AIM OF THE EXERCISE —
The listing must be copied out in full and exactly; no images go with it.

GIVEN DATA —
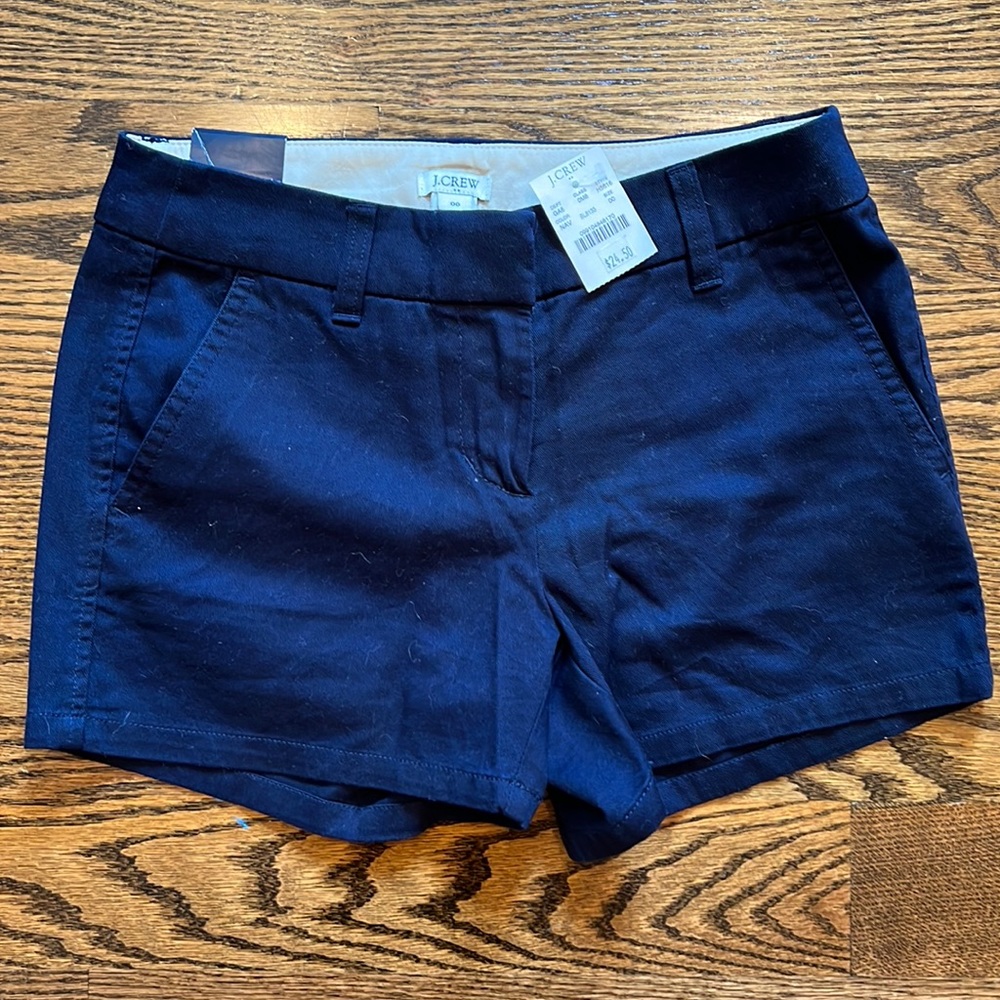 J Crew Frankie shorts, size 00, navy, NWT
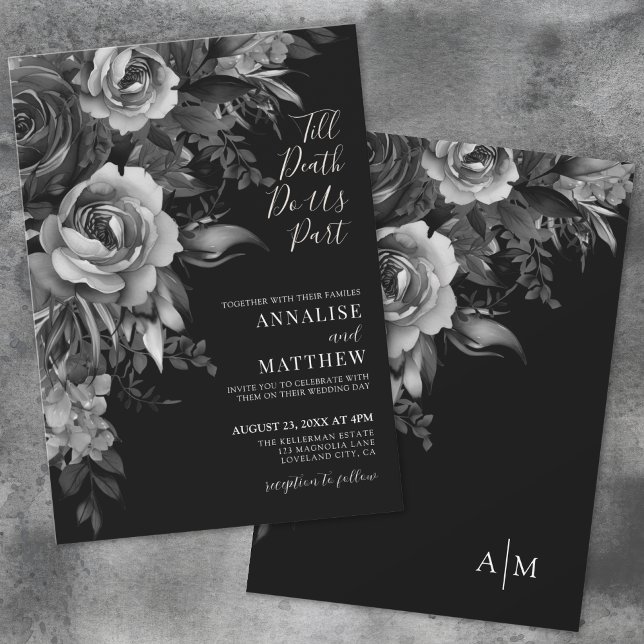 Gothische Schwarze Hochzeit mit Blumenmotiven Einladung (Gothic Floral Black Wedding Invitation)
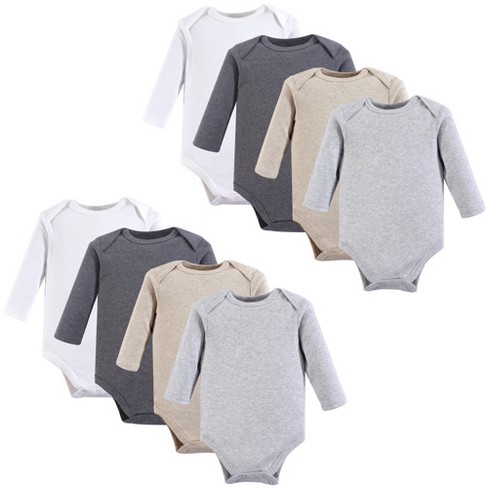 Download Hudson Baby Cotton Long-sleeve Bodysuits 8pk, Heather Gray ...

REPLY TO THE EXERCISE —
 J Crew Frankie shorts, size 00, navy, NWT
 Gothische Schwarze Hochzeit mit Blumenmotiven Einladung (Gothic Floral Black Wedding Invitation)
 Download Hudson Baby Cotton Long-sleeve Bodysuits 8pk, Heather Gray ...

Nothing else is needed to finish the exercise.